Additionally, Kiva often releases timed incentives such as, “Donate in the next two days and have your donation matched,” to further encourage lending activity.
Is this a service that was previously provided by experts? Yes.
Are the contributors experts/professionals? No.
How does Kiva ensure the quality of the services it provides? They review profiles of potential borrowers before posting them as eligible to receive a loan. This is a good filtration system to keep the projects listed social impact-guaranteed.
If Kiva uses a reputation system, how does it work? They allow individual lenders to join Lending Teams, which give towards different loans as a group. Kiva puts up a Leaderboard for Lending Teams, which displays top giver and how much they've giving total. Currently, I see Kiva Christians and Carnegie Mellon on the Leaderboard.
If its service is typically regulated by the government, what are the intents of the regulations and does the company meet those standards? Many countries regulate the microfinance industry to prevent fraud, protect consumers, and stabilize financial markets. Regulations change from country to country; for example, the Reserve Bank of India requires that loans made to non-government microfinance institutions have a minimum term of 3 years. Kiva has found ways to work within these regulations by holding on to repaid loans for 3 years before sending repayments back to lenders. Other countries, such as Ecuador, impose interest rate caps and/or extra taxes on internationally-funded microfinance organizations; these regulations directly impact Kiva's field partners, who must find ways to comply.
Compare the number of users to contributors: More contributors than users
If its service is provided by many contributors, how are their contributions aggregated? An international network of 274 (as of September 8, 2014) microfinance organizations screens borrowers, posts loan requests to Kiva, disburses loans to borrowers, and collects repayments from borrowers. When a lender makes a loan, Kiva delivers the funds to the local Field Partner, who then takes charge of loan administration.


Describe the workflow for how the service is advertised, how the contributors contribute, and what the users get in the end: Kiva advertises 4 simple steps for lenders: 1)choose a borrower 2)make a loan 3)get repaid 4)repeat! The contributors give in step
What is the scale of Kiva in terms of users? As of September 8, 2014, there are 1,219,715 active lenders on Kiva who have funded 1,409,460 borrowers.

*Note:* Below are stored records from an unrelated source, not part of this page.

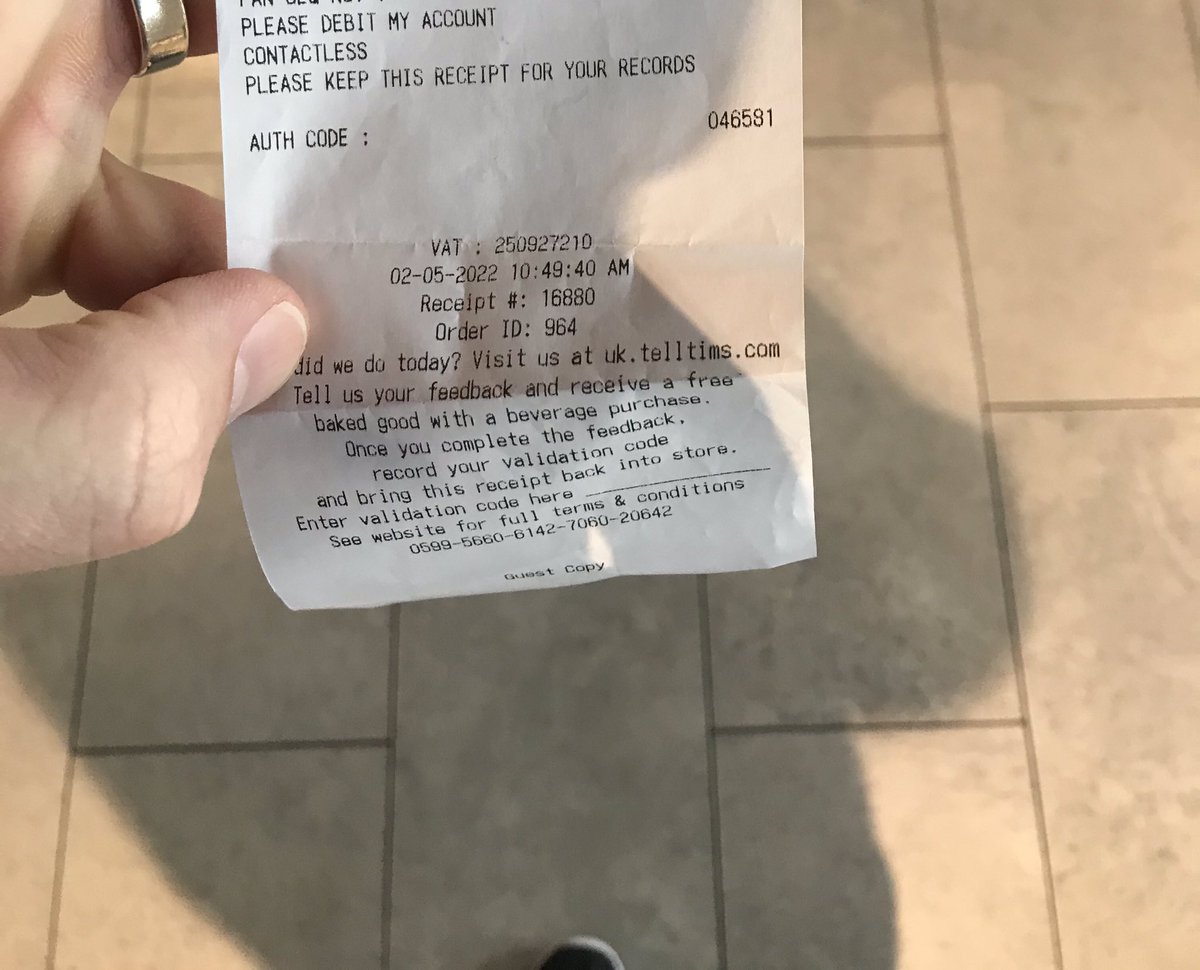 patyates's tweet photo. @timhortonsuk but the biggest thing was to still let people order food when there was about 40 people waiting still for there orders.2/2 #notagoodlook #tellpeoplewhatisgoingon https://t.co/mCyMbVG68x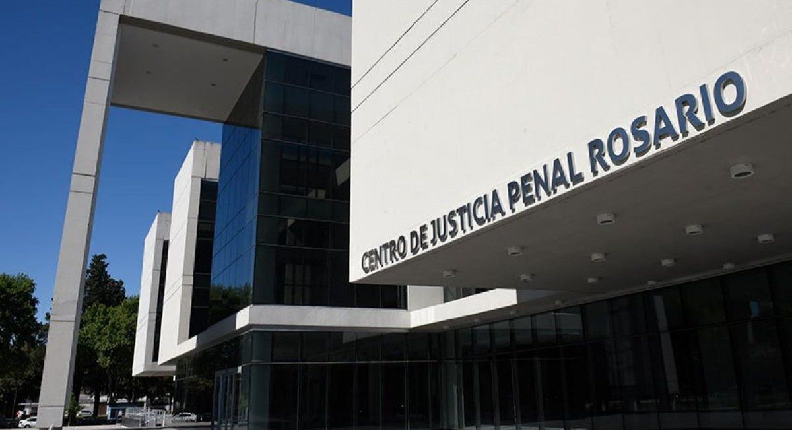 Villa Gobernador Gálvez: dos agentes de la PDI presos por realizar un allanamiento trucho y perpetrar un robo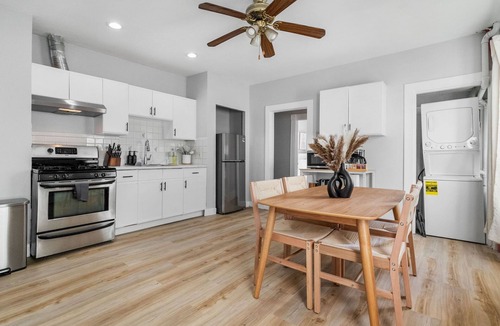 Winter Hill Apartment | 3BR2BATH Lux Home in Somerville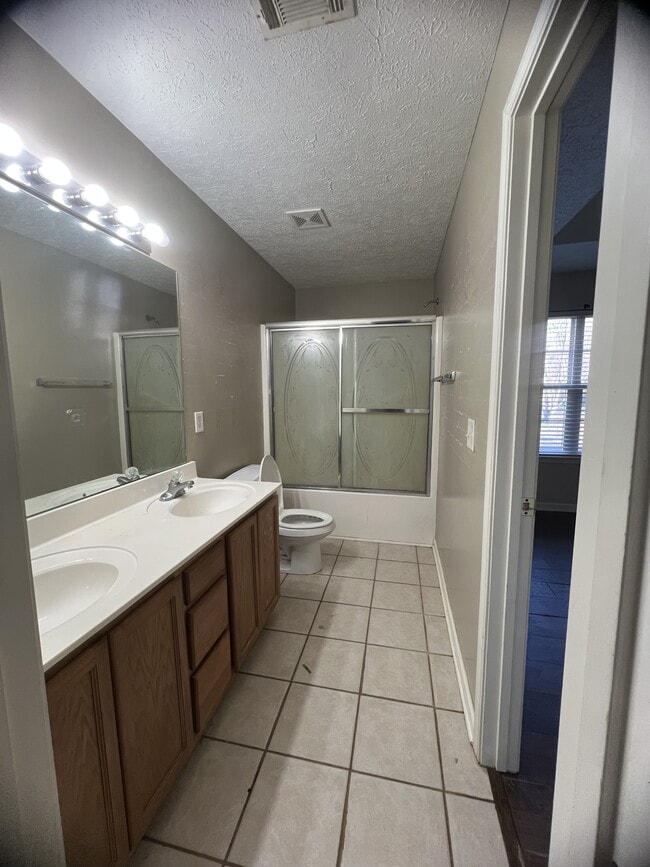 Photo - 1921 Portway Rd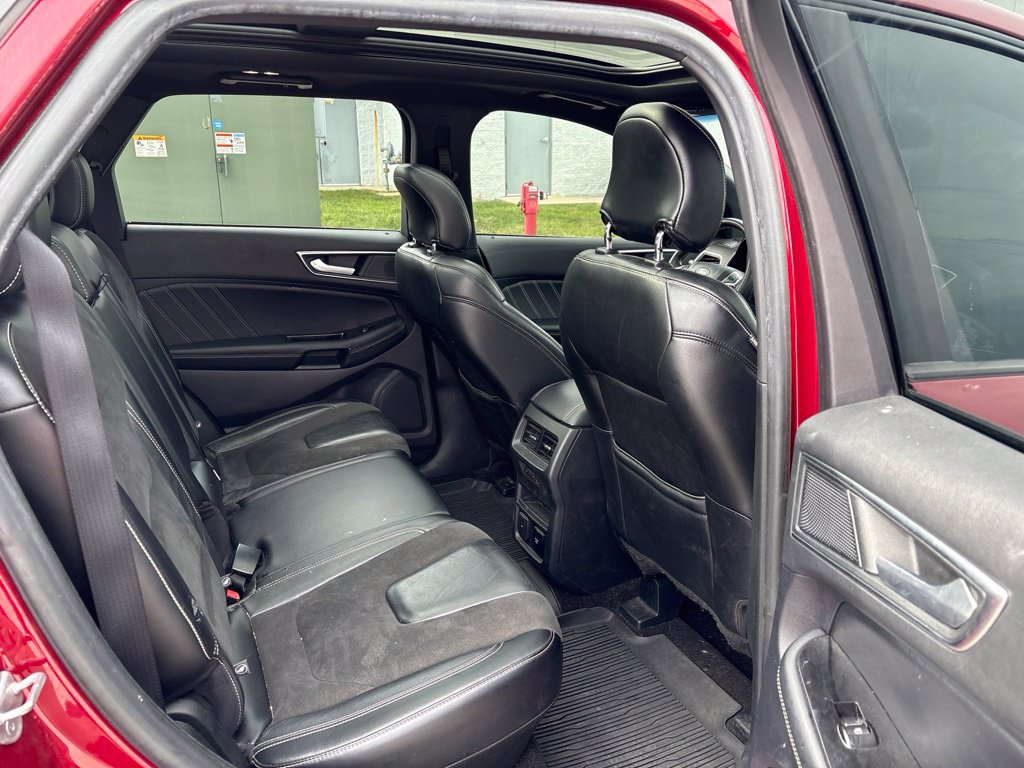 Used 2019 Ford Edge ST w/ Equipment Group 401A AWD/4WD image 23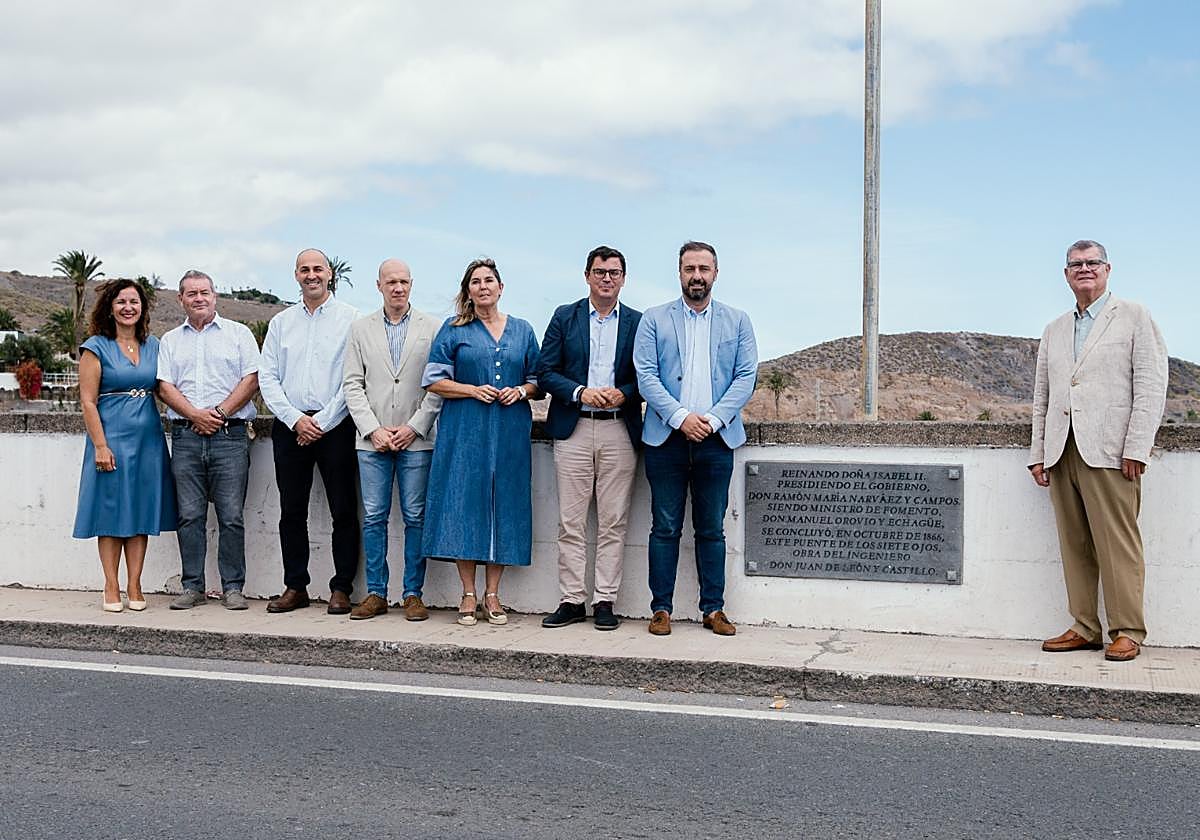 Momento del descubrimiento de la placa en honor a Juan León y Castillo.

What is the scale of Kiva in terms of dollars? As of September 8, 2014, there has been $607,594,600 made in loans.
If Kiva were to scale up to 10-100 times its current size, how well do you think would its business model would work? Yes, The incentive--your money is paid back to you to give again--will always be a component of the Kiva model, even at a huge scale. The quality of the user experience could go down, if it becomes impossibly hard to search for a great loan and some entrepreneurs never receive funds. (The amount of lender) * (the average amount of money they give) must always be nearly equal to the total amount of money that all loans on Kiva are asking for.
What kind of organization is it? Non-profit organization
How does Kiva generate revenue? Kiva is entirely dependent upon donations. For every loan they make, lenders are encouraged to donate an additional few dollars directly to Kiva: “The majority of Kiva donations are provided by our lenders, who 'tip' us on top of the loans they make to borrowers. … A large majority of the rest of our donation income is provided by foundations, who encourage us to create innovative programs to serve the poor more effectively (e.g. Google.org funding of Kiva Labs).”
Anything else? I think they're wonderful. I'm very curious who their first supporters were, because they have a web interface that's top of the line and obviously required some serious initial investments. There have been a few corrupt field partners, and the model they present isn't entirely honest (they distribute funds to the borrower before publicly posting their profile), but they get the job of microfinancing done with more efficiency and less uncertainty than has traditionally been seen.